I really enjoyed the film. As others have noted, the screen-play is really well written. I loved some of the witty one liners (especially early in the film) and the characterisation was good too.

I guess that the film is really all about love. Like many more 'postmodern' films of late, though, Juno doesn't idealise the world in which we live. Perhaps the most poignant part of the film is where the lead character, Juno, asks her father about true love. His answer is this: "In my opinion, the best thing you can do is to find a person who loves you for exactly who you are. Good mood, bad mood, ugly, pretty, handsome, what have you, the right person will still think that the sun shines out your ass. That's the kind of person that's worth sticking with." And yet this is juxtaposed alongside a tinge of sadness: Juno's father freely admits that he's made mistakes in the past, and is himself in his second marriage. Elsewhere in the film, we see portrayals of divorce and separation - and yet still glimmers of hope through love.

Of course, all this is true. It's true that we do live in a broken world, but as people still retaining something of God's image, we still have the capacity to love and to be loved, despite the fact that we all are hurt by and hurt others.

But my major gripe with the film is still the idea that love conquers all. As Juno gives away her baby, as another couple separate, as one woman starts a life of single motherhood, everything is still presented with a rosy glow. It's true that love is still a massive part of our existence, but so is pain caused by broken relationships. When we experience something short of what Juno's father speaks of (and inevitably we do), it really hurts. And that's something that is glossed over by what is an otherwise excellent film.

5 comments:

Unknown said...

Yeah, I am everyone!

I agree the ending was a bit dissatisfactory. I was pondering how else it could have been done...

peterdray said...

Everyone that counts :)

Dave K said...

As another part of 'everyone' I'm I'm a bit more positive about the film. I really loved it.

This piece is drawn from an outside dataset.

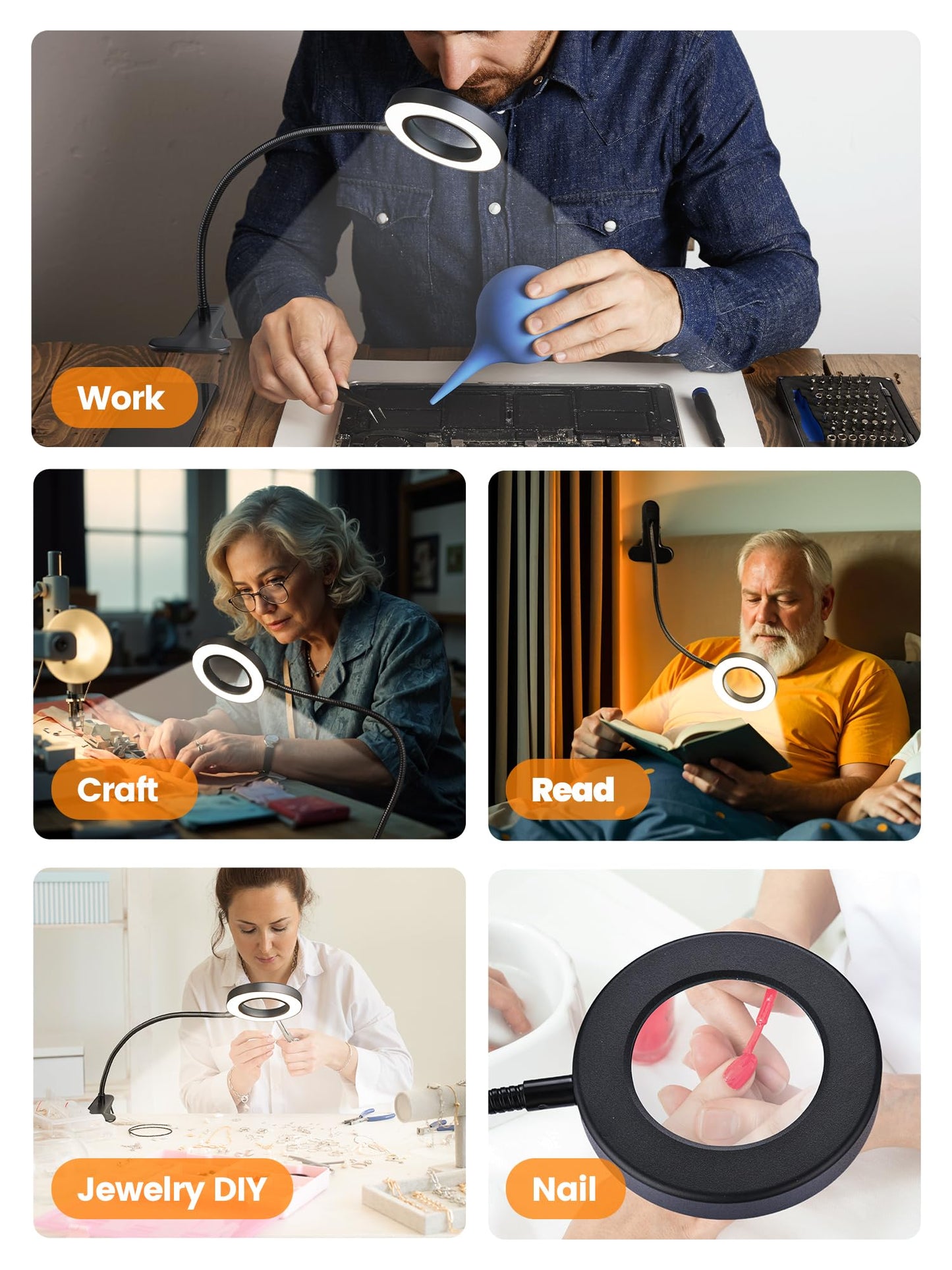 ReinHoo 10X LED Magnifying Glass with 5 Colors & 10 Brightness, 58 LED 750 Lumen Clip-On Lamp for Reading, Desk, Bed, Nail Work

I don't think that it depicts love conquering all in such a way that the slate is wiped clean. The note from Juno to Vanessa ('if you're still in, I'm still in') written on crumpled a laundry receipt and which Vanessa frames in the nursery shows that the past pain is not glossed over but ever-present. As you say Juno's child will still grow up not knowing his/her (I can't remember) mother and in a single parent family.

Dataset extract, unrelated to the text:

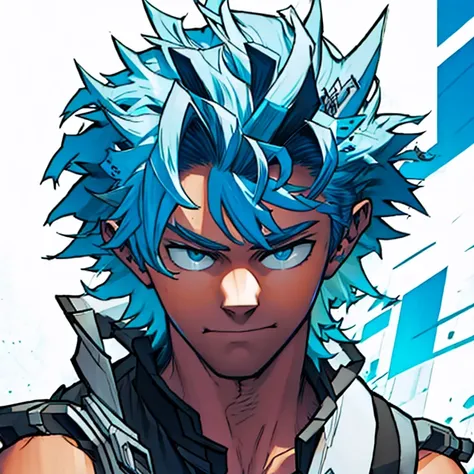 Human Male , BLUE Messy hair  ,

To get through life, and love, requires real grit and gumption. Juno has it which is what distinguishes her from Mark who can't grow up. It also requires love. But although love really does cover a multitude of sins the sins are not forgotten, the pain lingers, and the future is uncertain for the couple in love singing on the front step.

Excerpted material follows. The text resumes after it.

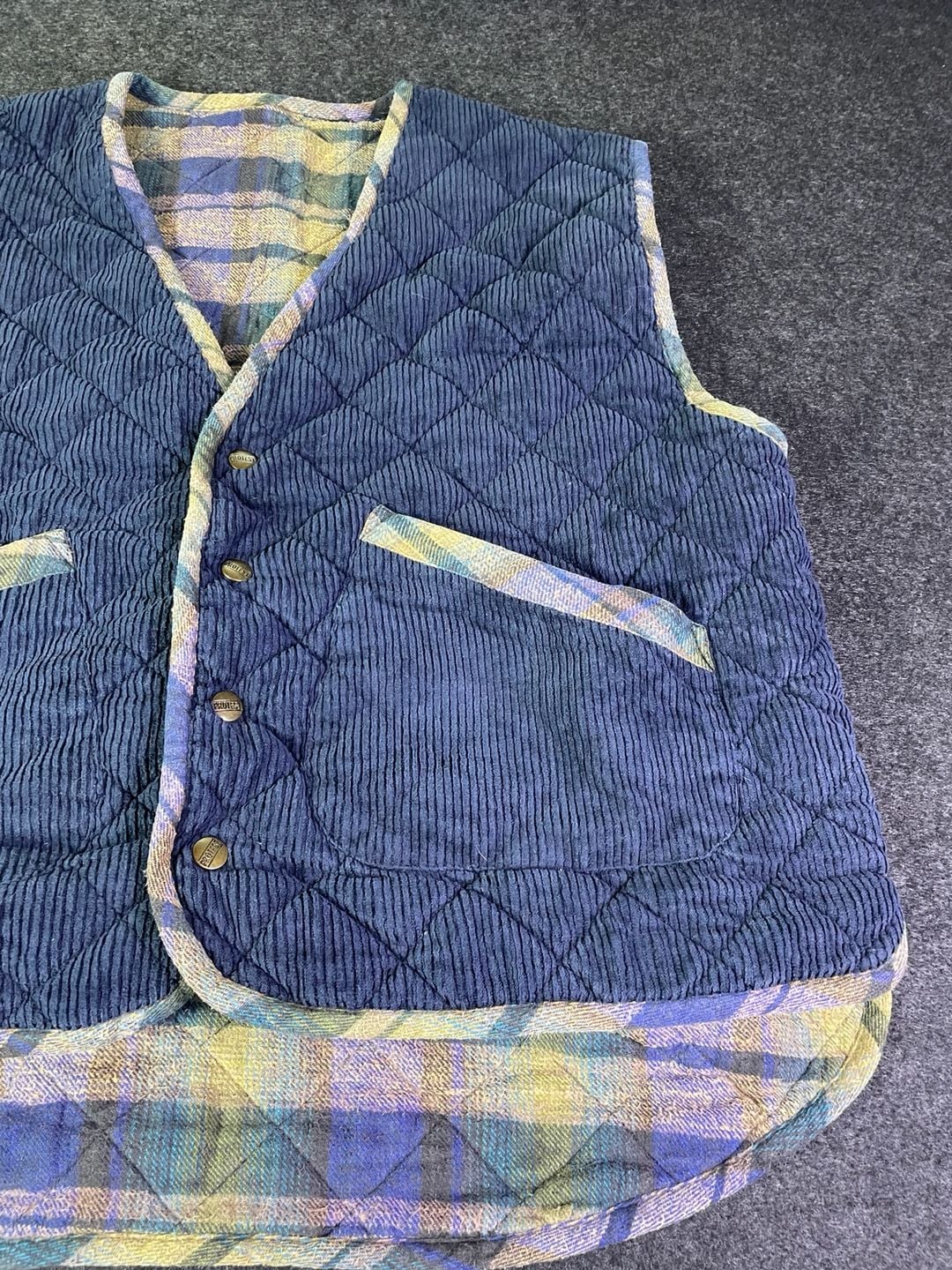 Protest Quilted Corduroy Vest Plaid Blue 7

Maybe I'm just too much of a romantic!

peterdray said...

Dave K - you may be right. Perhaps I'm being too harsh. I guess I found the Vanessa-Mark split too clinical (where both experienced forms of 'freedom'), as well as the scene where Vanessa picks up the newborn baby. However, it's also true that the viewer's opinion of Vanessa changes as the film goes on... perhaps I'm being too harsh.

I also think that the closing scene implied that Juno and Paul had their own house (as Bren at last has a dog!) - an overly romanticised view of two teenagers setting out together?

A great film overall anyway, and far more thought-provoking than many :)

Dave K said...

I also think that the closing scene implied that Juno and Paul had their own house (as Bren at last has a dog!) - an overly romanticised view of two teenagers setting out together?

Ooo I didn't spot that!

Perhaps I was too soft!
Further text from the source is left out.